В России это звучит абсурдно. Если Пипкин собрался ставить – неважно, “Анну Каренину” или “Трех поросят”, – для Пупкина, мечтающего о том же, это становится жизненной трагедией: доступ к “Карениной” и “Поросятам” перекрыт минимум лет на десять. Такова максималистская русская традиция, исключающая легальное двойничество. Американская – буквально противоположна. Для тех, кто не довольствуется одним техническим блеском, есть еще и психологическое шоу, вполне унылое. Оно в десятки раз дешевле, и там с десяток дополнительных историй.

Показательно, что количество денег обратно пропорционально нарративности: фильм Либермана – очень плоский, но это Пруст по сравнению с Кэмероном. Вдвойне показательно, что некоторые сюжетные ходы и даже мизансцены в картинах совпадают буквально: я почти уверен, что никто ничего не крал, а все полюбовно договорились – у зрителя будет больше доверия, речь ведь идет об одном и том же.

Такое последовательное разворачивание именно сегодня взволновавшей всех истории имело и свой апофеоз: на днях “Christie’s” удовлетворил совсем жадных до подробностей, устроив аукцион по продаже SОSов с “Титаника”. SОSы оценивались по-разному, но по цене доступной, от $4 тыс. до $10, – надо полагать, в зависимости от степени отчаяния. Жизнь развивается стремительно: в дни триумфа “Списка Шиндлера” золотые зубы из Освенцима, кажется, на “Christie’s” не продавались.

Февраль, оказывается, был; значит, “мело, мело по всей земле, во все пределы”, заметало Газетный переулок, где находилась редакция нашего “Телеграфа”; смеркалось рано; наверно, из окна пятого этажа видны были верхушки деревьев, занесенные февральским, пастернаковским снегом – “засыплет скаты крыш”, любимые стихи. Посмотрю на гугл-картах: есть ли там деревья? Росли ли они 24 года назад, или привиделось мне? – да, Гугл показывает и переулок, обновленный “собянинской” плиточкой, и деревья, подозрительно моложавые, в густой майской листве, и под деревом какой-то хмырь в синей куртке тупит в мобильник.
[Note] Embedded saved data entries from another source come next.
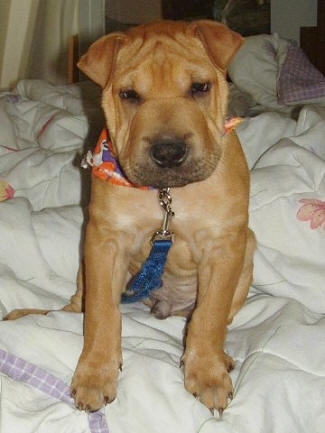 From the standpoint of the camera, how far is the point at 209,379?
5.90 ft

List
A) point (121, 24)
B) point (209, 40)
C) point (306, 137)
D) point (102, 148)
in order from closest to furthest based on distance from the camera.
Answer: point (209, 40), point (102, 148), point (306, 137), point (121, 24)

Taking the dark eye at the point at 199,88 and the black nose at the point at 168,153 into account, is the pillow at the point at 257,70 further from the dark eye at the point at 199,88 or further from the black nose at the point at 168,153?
the black nose at the point at 168,153

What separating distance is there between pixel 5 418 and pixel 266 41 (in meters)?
3.83

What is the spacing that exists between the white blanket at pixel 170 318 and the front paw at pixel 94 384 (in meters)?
0.02

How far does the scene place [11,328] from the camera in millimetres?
1821

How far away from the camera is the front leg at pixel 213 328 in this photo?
1775 millimetres

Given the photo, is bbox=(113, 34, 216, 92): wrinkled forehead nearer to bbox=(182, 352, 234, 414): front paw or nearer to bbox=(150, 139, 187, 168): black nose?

Хмырь! Подними голову! В этом доме на пятом этаже четверть века назад, в коридоре, на подоконнике, я курю и жду Шуру, он торопится, но не халтурит, блеска не снижает. Текст – превыше всего! А уж потом метель, московские переулки, ну что, возьмем такси? В Дом кино?

Счастливые – написали, облегчились, снесли яйцо, сдали номер, – мы едем в ресторан Дома кино, на Васильевскую улицу. Я писала об этом в очерке, сочиненном по другому поводу; приведу из него отрывок.

В конце девяностых мы с приятелем ходили в ресторан Дома кино. Был какой-нибудь там холодный май, или, наоборот, жаркий июль, хотелось прогуляться по еще не разрушенной Юрьмихалычем Москве и, нагуляв аппетит, выпить и закусить в душевном месте.

Тогда во многих ресторанах было дорого и пафосно. Нельзя было, например, просто прийти и усесться за стол. Нет, это была целая процедура: официанты выступали откуда-то из лепнины и с мертвенно серьезными лицами вставали за ваш стул, ухватившись за спинку. Вы подгибали колени, и они вдвигали стул под ваш зад, всё как в лучших, пусть и мифических домах Филадельфии. Так же серьезно и мертвенно следили они за тем, как и какой вилкой вы заносите еду в рот; опустела ли ваша тарелка – тогда робот забирал ее у вас; полон ли ваш бокал – робот пополнял его.